▸ **What you need to do**: A single stretch of the material below is to be transcribed exactly, starting at the line with "蚂蝗是什么，蚂蟥会在人体内长期存活吗？" and ending after the line with "Model of the".

—————

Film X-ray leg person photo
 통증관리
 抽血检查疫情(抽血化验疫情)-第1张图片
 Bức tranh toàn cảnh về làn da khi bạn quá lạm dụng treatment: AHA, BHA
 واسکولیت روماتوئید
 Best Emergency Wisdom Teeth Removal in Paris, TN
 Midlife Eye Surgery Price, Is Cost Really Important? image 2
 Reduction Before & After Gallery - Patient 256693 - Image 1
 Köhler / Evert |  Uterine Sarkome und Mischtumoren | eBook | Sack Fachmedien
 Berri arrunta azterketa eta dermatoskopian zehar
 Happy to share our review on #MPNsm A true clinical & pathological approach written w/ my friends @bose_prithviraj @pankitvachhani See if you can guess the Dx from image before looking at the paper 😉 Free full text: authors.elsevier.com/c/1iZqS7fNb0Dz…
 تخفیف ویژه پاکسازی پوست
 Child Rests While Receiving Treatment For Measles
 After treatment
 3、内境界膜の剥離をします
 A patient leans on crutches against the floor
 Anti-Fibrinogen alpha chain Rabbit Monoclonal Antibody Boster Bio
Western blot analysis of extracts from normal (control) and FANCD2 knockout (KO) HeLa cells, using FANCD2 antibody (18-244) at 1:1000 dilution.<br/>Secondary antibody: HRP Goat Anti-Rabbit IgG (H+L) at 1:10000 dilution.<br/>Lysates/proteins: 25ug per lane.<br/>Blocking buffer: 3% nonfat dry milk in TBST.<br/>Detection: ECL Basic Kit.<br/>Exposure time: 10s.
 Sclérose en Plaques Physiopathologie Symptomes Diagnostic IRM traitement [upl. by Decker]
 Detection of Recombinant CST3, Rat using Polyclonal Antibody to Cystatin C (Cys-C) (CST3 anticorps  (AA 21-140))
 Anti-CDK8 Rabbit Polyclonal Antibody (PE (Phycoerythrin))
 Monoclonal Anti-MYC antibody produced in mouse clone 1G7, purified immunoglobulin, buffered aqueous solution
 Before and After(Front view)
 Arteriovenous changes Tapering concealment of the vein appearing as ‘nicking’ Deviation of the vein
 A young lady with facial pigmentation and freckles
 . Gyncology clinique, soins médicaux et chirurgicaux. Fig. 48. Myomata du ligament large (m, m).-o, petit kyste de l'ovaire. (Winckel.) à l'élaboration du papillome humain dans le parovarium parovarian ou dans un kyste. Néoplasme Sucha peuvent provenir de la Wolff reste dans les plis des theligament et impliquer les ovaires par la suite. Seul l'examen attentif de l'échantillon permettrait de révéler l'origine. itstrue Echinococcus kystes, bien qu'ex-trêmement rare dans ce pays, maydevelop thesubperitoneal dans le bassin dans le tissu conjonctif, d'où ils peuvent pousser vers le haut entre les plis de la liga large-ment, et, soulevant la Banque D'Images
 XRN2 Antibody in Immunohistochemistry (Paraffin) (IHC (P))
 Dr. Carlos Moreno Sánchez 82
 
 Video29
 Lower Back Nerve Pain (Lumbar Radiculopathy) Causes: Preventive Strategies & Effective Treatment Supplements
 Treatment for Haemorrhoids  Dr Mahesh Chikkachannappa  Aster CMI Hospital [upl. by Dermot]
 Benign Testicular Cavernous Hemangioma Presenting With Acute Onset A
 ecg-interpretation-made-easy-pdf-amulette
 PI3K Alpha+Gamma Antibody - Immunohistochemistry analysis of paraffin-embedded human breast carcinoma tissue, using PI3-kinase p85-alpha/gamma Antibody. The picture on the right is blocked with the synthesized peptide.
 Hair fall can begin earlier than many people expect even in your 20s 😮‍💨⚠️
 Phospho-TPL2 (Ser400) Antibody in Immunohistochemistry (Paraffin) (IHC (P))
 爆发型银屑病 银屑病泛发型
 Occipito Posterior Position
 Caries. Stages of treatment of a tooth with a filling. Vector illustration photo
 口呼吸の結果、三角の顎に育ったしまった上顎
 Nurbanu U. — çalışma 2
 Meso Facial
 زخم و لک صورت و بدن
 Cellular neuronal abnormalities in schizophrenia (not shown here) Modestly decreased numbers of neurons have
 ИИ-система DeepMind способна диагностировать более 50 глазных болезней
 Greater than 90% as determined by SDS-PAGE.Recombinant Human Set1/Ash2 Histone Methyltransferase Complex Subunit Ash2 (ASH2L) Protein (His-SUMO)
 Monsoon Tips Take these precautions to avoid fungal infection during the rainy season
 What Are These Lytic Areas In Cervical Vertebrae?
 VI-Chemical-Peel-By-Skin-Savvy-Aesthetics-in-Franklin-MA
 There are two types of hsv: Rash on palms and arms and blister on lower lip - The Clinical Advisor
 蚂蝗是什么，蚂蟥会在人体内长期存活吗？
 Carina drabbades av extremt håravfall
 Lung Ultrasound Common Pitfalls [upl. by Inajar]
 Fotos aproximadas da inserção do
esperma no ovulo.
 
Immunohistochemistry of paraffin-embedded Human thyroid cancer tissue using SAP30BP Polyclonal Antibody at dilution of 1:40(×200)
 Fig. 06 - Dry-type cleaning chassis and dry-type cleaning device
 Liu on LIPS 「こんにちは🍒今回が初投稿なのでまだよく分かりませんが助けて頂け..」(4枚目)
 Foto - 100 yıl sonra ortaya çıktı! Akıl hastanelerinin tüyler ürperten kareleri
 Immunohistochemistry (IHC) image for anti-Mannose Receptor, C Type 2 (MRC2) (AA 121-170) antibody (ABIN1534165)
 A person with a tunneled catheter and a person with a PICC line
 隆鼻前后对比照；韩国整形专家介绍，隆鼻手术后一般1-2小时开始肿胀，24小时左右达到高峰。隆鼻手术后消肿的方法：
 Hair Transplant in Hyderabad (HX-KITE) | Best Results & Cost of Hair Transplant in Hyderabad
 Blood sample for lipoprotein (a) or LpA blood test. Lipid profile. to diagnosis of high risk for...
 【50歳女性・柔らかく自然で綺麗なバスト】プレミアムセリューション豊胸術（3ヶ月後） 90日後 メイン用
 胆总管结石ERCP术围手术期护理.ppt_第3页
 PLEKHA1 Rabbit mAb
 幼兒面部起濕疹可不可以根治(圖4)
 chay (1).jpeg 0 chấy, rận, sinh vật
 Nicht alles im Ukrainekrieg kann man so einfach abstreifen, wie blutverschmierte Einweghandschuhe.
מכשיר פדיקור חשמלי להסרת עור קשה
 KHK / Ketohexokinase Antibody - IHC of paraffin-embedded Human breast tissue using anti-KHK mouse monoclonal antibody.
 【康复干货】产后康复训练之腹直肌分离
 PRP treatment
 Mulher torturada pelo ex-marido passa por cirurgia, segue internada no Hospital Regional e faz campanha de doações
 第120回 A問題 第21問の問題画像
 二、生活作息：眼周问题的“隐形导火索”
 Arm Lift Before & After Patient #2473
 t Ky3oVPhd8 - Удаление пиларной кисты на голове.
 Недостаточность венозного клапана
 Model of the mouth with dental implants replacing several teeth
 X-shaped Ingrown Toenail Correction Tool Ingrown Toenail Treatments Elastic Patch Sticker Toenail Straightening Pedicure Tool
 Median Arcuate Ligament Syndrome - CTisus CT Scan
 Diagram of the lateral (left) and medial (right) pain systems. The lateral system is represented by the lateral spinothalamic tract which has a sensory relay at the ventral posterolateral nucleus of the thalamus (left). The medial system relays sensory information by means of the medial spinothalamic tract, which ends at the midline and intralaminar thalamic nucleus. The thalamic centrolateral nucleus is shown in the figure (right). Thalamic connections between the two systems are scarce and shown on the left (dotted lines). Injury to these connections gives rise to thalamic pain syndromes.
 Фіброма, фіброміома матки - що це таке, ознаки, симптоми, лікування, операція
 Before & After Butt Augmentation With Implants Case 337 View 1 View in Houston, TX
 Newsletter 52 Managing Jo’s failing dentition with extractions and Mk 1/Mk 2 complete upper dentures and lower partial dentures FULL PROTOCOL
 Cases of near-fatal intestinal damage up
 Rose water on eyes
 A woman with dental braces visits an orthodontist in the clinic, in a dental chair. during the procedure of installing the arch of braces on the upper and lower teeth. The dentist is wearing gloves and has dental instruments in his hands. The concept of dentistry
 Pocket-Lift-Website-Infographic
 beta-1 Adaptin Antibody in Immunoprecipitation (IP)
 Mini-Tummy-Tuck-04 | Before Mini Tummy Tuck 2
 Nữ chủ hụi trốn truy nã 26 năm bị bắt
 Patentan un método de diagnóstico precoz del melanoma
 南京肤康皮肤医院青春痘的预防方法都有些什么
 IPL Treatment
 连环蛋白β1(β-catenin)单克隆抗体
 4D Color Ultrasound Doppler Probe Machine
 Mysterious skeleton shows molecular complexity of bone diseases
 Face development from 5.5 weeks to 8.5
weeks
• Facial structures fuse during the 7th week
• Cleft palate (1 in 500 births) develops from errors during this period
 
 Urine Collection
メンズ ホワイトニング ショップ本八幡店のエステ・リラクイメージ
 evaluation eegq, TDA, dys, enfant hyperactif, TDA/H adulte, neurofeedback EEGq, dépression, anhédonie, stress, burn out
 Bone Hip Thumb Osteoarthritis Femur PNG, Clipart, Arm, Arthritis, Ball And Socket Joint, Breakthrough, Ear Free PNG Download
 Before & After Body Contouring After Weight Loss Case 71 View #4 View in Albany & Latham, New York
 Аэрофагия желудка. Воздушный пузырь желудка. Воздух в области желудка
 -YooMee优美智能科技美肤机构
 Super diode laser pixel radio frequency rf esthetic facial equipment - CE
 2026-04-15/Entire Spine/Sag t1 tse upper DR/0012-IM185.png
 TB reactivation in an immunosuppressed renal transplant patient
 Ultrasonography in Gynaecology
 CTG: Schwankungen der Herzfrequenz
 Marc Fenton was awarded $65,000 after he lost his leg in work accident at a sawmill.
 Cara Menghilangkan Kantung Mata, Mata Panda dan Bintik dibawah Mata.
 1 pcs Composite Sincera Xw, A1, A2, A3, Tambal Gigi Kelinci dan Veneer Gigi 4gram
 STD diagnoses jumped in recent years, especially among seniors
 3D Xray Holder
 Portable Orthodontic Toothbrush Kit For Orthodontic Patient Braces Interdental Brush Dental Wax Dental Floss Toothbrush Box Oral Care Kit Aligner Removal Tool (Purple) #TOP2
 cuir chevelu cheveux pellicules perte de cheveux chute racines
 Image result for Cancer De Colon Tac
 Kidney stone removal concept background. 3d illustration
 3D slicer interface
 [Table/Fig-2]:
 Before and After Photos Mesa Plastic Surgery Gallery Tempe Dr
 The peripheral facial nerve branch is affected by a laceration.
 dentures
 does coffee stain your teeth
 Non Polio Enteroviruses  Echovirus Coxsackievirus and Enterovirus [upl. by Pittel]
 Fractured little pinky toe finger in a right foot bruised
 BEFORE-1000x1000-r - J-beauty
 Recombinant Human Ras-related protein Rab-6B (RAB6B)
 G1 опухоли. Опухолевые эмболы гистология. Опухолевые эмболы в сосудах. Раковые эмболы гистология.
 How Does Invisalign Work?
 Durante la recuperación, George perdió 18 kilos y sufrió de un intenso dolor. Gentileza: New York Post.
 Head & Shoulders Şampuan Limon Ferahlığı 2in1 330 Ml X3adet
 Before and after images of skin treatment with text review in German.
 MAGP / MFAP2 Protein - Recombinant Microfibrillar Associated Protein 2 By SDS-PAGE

—————

▸ **Result**:
 蚂蝗是什么，蚂蟥会在人体内长期存活吗？
 Carina drabbades av extremt håravfall
 Lung Ultrasound Common Pitfalls [upl. by Inajar]
 Fotos aproximadas da inserção do
esperma no ovulo.
 
Immunohistochemistry of paraffin-embedded Human thyroid cancer tissue using SAP30BP Polyclonal Antibody at dilution of 1:40(×200)
 Fig. 06 - Dry-type cleaning chassis and dry-type cleaning device
 Liu on LIPS 「こんにちは🍒今回が初投稿なのでまだよく分かりませんが助けて頂け..」(4枚目)
 Foto - 100 yıl sonra ortaya çıktı! Akıl hastanelerinin tüyler ürperten kareleri
 Immunohistochemistry (IHC) image for anti-Mannose Receptor, C Type 2 (MRC2) (AA 121-170) antibody (ABIN1534165)
 A person with a tunneled catheter and a person with a PICC line
 隆鼻前后对比照；韩国整形专家介绍，隆鼻手术后一般1-2小时开始肿胀，24小时左右达到高峰。隆鼻手术后消肿的方法：
 Hair Transplant in Hyderabad (HX-KITE) | Best Results & Cost of Hair Transplant in Hyderabad
 Blood sample for lipoprotein (a) or LpA blood test. Lipid profile. to diagnosis of high risk for...
 【50歳女性・柔らかく自然で綺麗なバスト】プレミアムセリューション豊胸術（3ヶ月後） 90日後 メイン用
 胆总管结石ERCP术围手术期护理.ppt_第3页
 PLEKHA1 Rabbit mAb
 幼兒面部起濕疹可不可以根治(圖4)
 chay (1).jpeg 0 chấy, rận, sinh vật
 Nicht alles im Ukrainekrieg kann man so einfach abstreifen, wie blutverschmierte Einweghandschuhe.
מכשיר פדיקור חשמלי להסרת עור קשה
 KHK / Ketohexokinase Antibody - IHC of paraffin-embedded Human breast tissue using anti-KHK mouse monoclonal antibody.
 【康复干货】产后康复训练之腹直肌分离
 PRP treatment
 Mulher torturada pelo ex-marido passa por cirurgia, segue internada no Hospital Regional e faz campanha de doações
 第120回 A問題 第21問の問題画像
 二、生活作息：眼周问题的“隐形导火索”
 Arm Lift Before & After Patient #2473
 t Ky3oVPhd8 - Удаление пиларной кисты на голове.
 Недостаточность венозного клапана
 Model of the mouth with dental implants replacing several teeth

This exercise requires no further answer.